Abraham Lincoln at Gettysburg, PA - November 19, 1863, around noon, three hours prior to giving his Gettysburg Address.
ABRAHAM LINCOLN AT GETTYSBURG, PENNSYLVANIA
American History 1863

 

Gettysburg Address
The occasion? The dedication of the Soldiers' National Cemetery at Gettysburg.

Top Picture
Abraham Lincoln (center, without hat) at Gettysburg, Pennsylvania on November 19, 1863, probably around noon, three hours prior to his Gettysburg Address.

Also in the photograph are Lincoln's private secretaries, John Hay and John Nicolay, orator Edward Everett, and Gettysburg attorney and organizer David Wills.
Library of Congress


Go here for more about
Abraham Lincoln.

Go here for more about
Abraham Lincoln's Gettysburg Address.
 


Lincoln's Gettysburg Address is sometimes compared with
Pericles' Funeral Oration.

It follows the full text transcript of Abraham Lincoln's Gettysburg Address, delivered at Gettysburg, PA - November 19, 1863.



 

Abraham Lincoln Four score and seven years ago our fathers brought forth on this continent a new nation, conceived in liberty and dedicated to the proposition that all men are created equal.

Now we are engaged in a great civil war, testing whether that nation or any nation so conceived and so dedicated can long endure.
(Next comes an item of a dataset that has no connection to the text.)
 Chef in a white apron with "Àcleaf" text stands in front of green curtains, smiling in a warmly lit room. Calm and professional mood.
We are met on a great battlefield of that war. We have come to dedicate a portion of that field as a final resting-place for those who here gave their lives that that nation might live. It is altogether fitting and proper that we should do this.
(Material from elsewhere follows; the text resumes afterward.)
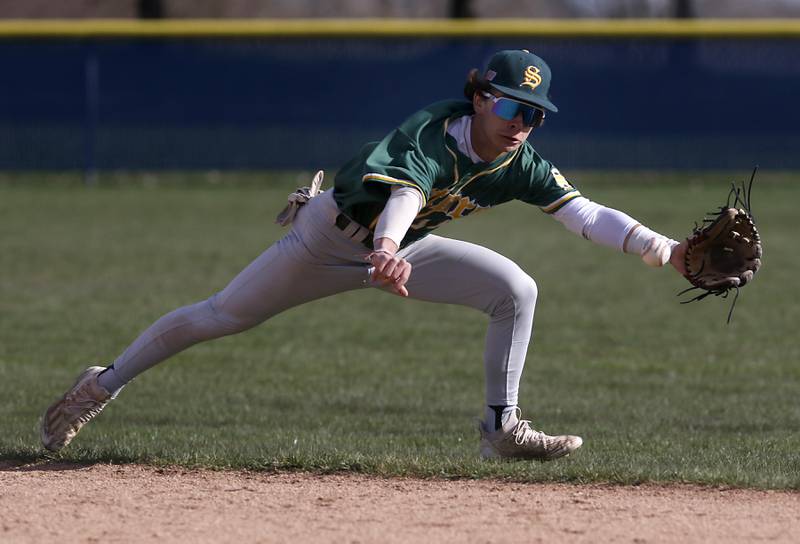 Crystal Lake South's Christian Alther fields the ball during a Fox Valley Conference baseball game against Burlington Central on Friday, April 12, 2024, at Burlington Central High School.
But in a larger sense, we cannot dedicate, we cannot consecrate, we cannot hallow this ground. The brave men, living and dead who struggled here have consecrated it far above our poor power to add or detract. The world will little note nor long remember what we say here, but it can never forget what they did here. It is for us the living rather to be dedicated here to the unfinished work which they who fought here have thus far so nobly advanced. It is rather for us to be here dedicated to the great task remaining before us--that from these honored dead we take increased devotion to that cause for which they gave the last full measure of devotion--that we here highly resolve that these dead shall not have died in vain, that this nation under God shall have a new birth of freedom, and that government of the people, by the people, for the people shall not perish from the earth.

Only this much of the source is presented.